Twitter Data Visualization (case study: Indonesia General Election 2019)
For this project, we use primary data of Twitter by crawling on 28th - 29th of May 2019. Further, the data is in csv format (comma delimited). It refers into two topics, the data of Joko Widodo which contains the keyword “Joko Widodo” and the other one is the data of Prabowo Subianto that has the keyword “Prabowo Subianto”. These include several variables and information in order to determine user sentiment. Actually, the data has 16 variables or attributes and more than 1000 observations (for both data). Some variables are listed in Table 1.

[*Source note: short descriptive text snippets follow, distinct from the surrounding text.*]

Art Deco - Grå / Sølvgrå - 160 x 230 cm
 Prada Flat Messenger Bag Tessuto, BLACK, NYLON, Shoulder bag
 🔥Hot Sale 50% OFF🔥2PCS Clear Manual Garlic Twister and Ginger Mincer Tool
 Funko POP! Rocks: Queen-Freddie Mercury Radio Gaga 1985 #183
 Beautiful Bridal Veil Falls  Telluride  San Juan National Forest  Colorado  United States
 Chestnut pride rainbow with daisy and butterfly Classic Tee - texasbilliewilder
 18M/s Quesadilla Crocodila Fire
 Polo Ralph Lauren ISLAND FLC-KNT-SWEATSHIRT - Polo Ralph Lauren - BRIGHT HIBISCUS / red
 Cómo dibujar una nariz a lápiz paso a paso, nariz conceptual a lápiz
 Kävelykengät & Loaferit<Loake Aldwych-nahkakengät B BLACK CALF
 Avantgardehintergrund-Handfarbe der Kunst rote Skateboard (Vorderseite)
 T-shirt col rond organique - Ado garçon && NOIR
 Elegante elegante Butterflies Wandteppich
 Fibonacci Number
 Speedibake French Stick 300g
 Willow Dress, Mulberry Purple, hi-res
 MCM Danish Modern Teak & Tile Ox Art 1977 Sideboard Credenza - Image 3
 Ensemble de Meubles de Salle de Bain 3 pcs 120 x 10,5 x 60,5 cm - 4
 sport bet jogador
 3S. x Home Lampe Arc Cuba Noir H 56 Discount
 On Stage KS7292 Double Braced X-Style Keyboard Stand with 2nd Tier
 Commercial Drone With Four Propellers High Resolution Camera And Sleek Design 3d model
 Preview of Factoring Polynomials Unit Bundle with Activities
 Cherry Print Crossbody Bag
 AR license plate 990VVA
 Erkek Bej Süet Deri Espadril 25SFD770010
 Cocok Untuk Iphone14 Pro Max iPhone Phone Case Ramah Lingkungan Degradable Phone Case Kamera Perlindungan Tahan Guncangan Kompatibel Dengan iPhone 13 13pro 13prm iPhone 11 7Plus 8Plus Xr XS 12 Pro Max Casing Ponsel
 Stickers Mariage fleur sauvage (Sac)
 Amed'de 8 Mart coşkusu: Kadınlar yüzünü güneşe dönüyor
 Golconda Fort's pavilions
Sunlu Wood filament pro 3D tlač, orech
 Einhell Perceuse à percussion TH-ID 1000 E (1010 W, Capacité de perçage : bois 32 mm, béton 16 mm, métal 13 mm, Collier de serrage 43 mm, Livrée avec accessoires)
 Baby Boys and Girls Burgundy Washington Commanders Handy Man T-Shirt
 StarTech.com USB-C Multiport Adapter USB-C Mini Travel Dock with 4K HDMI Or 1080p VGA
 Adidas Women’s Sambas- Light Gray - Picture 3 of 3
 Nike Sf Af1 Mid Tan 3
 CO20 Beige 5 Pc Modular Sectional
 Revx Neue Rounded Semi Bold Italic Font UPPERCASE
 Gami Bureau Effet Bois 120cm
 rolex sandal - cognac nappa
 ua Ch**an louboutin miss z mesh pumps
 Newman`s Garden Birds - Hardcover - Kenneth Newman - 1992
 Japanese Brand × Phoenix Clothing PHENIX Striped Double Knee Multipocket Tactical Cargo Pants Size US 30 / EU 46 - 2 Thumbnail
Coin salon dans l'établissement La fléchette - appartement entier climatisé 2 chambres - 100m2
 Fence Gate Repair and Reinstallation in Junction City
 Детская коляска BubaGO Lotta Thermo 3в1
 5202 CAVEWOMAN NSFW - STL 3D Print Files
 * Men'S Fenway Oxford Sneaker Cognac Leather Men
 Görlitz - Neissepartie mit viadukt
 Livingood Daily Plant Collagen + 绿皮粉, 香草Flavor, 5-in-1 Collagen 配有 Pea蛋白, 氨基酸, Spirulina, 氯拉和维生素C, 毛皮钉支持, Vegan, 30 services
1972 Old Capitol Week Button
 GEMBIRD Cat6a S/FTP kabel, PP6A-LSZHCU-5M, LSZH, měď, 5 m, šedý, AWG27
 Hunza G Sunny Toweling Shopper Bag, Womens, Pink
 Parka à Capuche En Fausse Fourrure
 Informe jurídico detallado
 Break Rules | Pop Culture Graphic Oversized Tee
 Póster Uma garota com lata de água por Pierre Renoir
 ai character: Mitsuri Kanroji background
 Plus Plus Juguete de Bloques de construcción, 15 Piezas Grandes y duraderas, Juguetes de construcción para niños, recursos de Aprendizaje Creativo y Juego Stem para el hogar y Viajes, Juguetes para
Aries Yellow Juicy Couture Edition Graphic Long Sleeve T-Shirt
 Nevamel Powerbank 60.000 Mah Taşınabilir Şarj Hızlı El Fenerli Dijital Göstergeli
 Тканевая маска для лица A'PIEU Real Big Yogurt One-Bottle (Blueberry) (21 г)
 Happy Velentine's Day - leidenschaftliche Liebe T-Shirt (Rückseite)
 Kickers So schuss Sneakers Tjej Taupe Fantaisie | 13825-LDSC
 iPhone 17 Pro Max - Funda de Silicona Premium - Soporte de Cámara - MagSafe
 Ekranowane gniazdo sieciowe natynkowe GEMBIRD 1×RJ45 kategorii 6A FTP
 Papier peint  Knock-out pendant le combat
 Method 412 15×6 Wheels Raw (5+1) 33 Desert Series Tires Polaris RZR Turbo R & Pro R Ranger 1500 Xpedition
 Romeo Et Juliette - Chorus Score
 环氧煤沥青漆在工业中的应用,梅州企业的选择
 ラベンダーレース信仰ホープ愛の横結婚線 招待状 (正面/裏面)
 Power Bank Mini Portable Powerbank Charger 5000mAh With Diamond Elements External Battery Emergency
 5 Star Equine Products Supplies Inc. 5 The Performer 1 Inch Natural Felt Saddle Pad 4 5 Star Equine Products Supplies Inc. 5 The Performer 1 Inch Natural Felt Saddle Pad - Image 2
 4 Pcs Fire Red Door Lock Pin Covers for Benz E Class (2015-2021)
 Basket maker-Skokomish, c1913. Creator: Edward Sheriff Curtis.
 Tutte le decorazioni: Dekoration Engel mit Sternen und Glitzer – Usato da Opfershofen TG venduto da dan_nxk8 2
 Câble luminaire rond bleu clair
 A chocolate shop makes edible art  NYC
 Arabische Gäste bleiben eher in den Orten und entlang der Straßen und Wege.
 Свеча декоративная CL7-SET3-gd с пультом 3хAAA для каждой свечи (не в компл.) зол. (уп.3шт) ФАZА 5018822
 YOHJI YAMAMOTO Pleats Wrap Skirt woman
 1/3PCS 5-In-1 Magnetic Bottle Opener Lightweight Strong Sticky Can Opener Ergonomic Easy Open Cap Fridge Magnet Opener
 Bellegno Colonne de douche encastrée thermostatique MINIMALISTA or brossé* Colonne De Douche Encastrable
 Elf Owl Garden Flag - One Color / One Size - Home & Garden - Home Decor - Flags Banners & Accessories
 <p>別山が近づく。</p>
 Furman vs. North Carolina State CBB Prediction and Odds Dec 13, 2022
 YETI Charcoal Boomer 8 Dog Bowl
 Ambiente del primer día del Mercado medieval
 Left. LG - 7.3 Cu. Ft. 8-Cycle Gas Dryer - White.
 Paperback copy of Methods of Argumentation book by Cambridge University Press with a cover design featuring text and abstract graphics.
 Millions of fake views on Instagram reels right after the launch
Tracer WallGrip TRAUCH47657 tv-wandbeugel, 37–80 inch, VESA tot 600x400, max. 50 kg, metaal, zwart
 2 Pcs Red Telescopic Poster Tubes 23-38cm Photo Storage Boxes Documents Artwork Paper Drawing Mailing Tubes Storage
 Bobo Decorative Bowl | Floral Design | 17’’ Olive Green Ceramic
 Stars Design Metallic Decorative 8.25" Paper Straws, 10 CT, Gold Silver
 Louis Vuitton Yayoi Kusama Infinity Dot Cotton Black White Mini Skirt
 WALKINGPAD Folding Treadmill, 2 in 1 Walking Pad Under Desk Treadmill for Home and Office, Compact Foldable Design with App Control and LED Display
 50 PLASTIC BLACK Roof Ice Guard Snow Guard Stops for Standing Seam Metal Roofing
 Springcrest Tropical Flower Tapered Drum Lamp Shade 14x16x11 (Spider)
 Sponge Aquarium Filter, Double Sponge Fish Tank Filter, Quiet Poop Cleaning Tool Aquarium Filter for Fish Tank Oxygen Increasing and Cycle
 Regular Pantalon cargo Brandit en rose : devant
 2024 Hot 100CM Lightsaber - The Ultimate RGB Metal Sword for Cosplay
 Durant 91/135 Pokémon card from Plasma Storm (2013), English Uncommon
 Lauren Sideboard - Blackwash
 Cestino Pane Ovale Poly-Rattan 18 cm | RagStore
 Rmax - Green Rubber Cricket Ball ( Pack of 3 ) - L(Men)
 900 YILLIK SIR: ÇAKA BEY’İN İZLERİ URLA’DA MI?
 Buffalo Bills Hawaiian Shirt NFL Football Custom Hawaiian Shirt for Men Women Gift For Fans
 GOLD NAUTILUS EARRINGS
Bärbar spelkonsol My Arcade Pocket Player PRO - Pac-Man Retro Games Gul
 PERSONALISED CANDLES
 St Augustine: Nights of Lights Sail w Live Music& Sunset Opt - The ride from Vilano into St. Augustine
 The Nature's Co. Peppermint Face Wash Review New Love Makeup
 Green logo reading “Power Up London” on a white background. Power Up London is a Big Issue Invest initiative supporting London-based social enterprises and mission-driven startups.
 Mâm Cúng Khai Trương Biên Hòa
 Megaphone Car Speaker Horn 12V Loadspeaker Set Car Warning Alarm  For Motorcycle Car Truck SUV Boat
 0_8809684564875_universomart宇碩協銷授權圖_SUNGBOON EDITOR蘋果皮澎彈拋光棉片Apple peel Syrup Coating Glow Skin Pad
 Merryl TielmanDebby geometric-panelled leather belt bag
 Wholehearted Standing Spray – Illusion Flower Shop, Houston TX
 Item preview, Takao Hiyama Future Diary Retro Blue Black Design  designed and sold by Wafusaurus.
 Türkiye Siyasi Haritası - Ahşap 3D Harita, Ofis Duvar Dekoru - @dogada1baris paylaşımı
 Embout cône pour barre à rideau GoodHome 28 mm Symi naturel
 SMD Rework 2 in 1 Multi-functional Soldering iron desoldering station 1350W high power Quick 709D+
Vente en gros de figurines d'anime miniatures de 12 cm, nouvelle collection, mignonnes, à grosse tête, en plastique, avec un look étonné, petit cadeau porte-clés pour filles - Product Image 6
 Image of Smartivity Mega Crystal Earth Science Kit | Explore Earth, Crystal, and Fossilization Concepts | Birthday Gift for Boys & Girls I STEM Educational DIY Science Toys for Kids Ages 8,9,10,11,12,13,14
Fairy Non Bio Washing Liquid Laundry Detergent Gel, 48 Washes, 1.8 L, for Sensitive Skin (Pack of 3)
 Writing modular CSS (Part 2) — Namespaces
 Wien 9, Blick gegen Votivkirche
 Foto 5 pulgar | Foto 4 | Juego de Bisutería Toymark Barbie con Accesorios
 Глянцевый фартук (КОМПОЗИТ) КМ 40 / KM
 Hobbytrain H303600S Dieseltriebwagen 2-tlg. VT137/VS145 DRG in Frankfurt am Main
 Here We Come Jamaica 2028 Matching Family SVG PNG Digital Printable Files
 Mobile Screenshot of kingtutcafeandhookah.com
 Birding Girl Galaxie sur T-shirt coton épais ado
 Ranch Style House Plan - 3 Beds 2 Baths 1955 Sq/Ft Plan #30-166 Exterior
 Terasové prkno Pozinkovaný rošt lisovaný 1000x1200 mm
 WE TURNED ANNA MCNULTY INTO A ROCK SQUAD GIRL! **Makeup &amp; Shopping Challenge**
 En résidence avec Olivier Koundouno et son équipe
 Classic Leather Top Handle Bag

Data exploration aims to get any information and insight from Twitter data. It should be noted that the data had been conducted text pre-processing. Exploration is carried out for variables which are considered quite interesting to be discussed. For instance, the variable of
Based on Figure 1, we can conclude that the number of tweets by data crawling (for keyword “Jokow Widodo” and “Praabowo Subianto”) is not similar, even though in the same date. For instance on Figure 1 (left), visually it refers that for tweets with the keyword “Joko Widodo” only obtained on 28th of May 2019 in the period of 03:00 - 17:00 WIB. While, on the Figure 1 (right), we conclude that tweets with keyword “Prabowo Subianto” obtained on 28th - 29th of May 2019 in the period of 12:00 - 23:59 WIB (28th of May 2019) and 00:00 - 15:00 WIB (29th of May 2019).
Based on Figure 2, we get the significant differences between users who tweet using keyword “Joko Widodo” and “Prabowo Subianto”. Tweets with the keyword “Joko Widodo” tend to be so intense talking about Joko Widodo at certain time (07:00 - 09:00 WIB) with the most number of tweets at 08:00 WIB. It has 348 tweets. Whereas tweets with the keyword “Prabowo Subianto” tend to be constantly talking about Prabowo Subianto during the date of 28th - 29th of May 2019. The average of tweets with the keyword “Prabowo Subianto” per hour uploaded on 28th - 29th of May 2019 is 36 tweets.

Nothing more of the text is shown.